Стенька огляделся кругом. К правому краю Лобного места примощен был толстый дощатый помост, род кровати. Стенька догадался, что это его смертная кровать. Он сам подошел к ней, влез на доски, расстегнул ворот рубахи и лег плашмя так, что бородой опирался на край этогь ужасного ложа. Глаза его опять глянули на толпу; по толпе прошел трепет от этого взгляда. Между тем палачи подняли толстую дубовую доску, положили ее на спину Стеньке, поперек спины, так что и широкие плечи его были видны, и руки и ноги оставались свободны, а сами сели на концы доски, по два палача на тот и другой конец. Лицо Стеньки, до того бледное, побагровело. Глаза налились кровью.

— Руби левую руку! — хрипло сказал Алмаз Иванов главному кату.

Тот не двигался, безмолвно шевеля побледневшими губами.

— Руби! — повторил Алмаз.

— Не буду рубить! Он мой брат! — мрачно отвечал кат и бросил топор.

Лязг топора заставил вздрогнуть и толпу, и палачей. Алмаз Иванов растерялся было, но тотчас же опомнился

— Возьми ты топор, руби! — еще более хрипло сказал он подручному палачу.
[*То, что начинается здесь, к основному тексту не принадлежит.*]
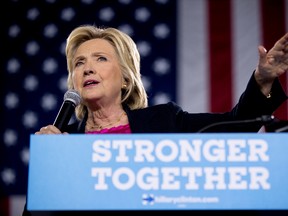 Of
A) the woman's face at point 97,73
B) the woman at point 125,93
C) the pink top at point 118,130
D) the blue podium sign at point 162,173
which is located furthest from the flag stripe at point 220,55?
the blue podium sign at point 162,173

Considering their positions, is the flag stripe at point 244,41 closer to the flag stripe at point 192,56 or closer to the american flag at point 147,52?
the american flag at point 147,52

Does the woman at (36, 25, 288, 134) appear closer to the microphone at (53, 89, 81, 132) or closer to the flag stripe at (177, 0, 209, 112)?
the microphone at (53, 89, 81, 132)

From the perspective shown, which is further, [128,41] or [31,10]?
[31,10]

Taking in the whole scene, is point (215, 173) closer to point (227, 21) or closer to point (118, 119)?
point (118, 119)

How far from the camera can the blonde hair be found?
164cm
Тот нагнулся, поднял топор, обхватил конец топорища обеими руками, предварительно поплевав на ладони, широко расставил ноги, как бы собираясь рубить толстое бревно, и занес топор высоко за голову.

— Гис! — проревел он, и левая рука Стеньки отлетела, стукнулась об пол, сжала пальцы, снова разжала их и застыла.

Со стороны Стеньки хоть бы стон, хоть бы движение лицевых мускулов, ничего не бывало! Глаза продолжали смотреть на толпу, ища кого-то.

Палач зашел с другой стороны, нацелился, натужился…

— Руби!

— Гис! — И правая нога отлетела.

А глаза все смотрят на толпу; только губы, захватив клок бороды, крепко сжались… В толпе мертвая тишина. Не вынес этого вида Фролка…

— Я знаю слово и дело государево! — болезненно, истерически выкрикнул он.

— Молчи, собака, — остановил его Стенька, выпустив из сжатых губ клок бороды.

Но вдруг глаза его вспыхнули, и лицо преобразилось счастьем. В толпе он увидел ее, то светлое видение, которое крестило его из окна в день въезда в Москву, а ночью приходило под окно его тюрьмы с крестом и белою сорочкою. Она глядела на него, осеняя крестом, и плакала… Сам он уже не мог перекреститься, нечем было.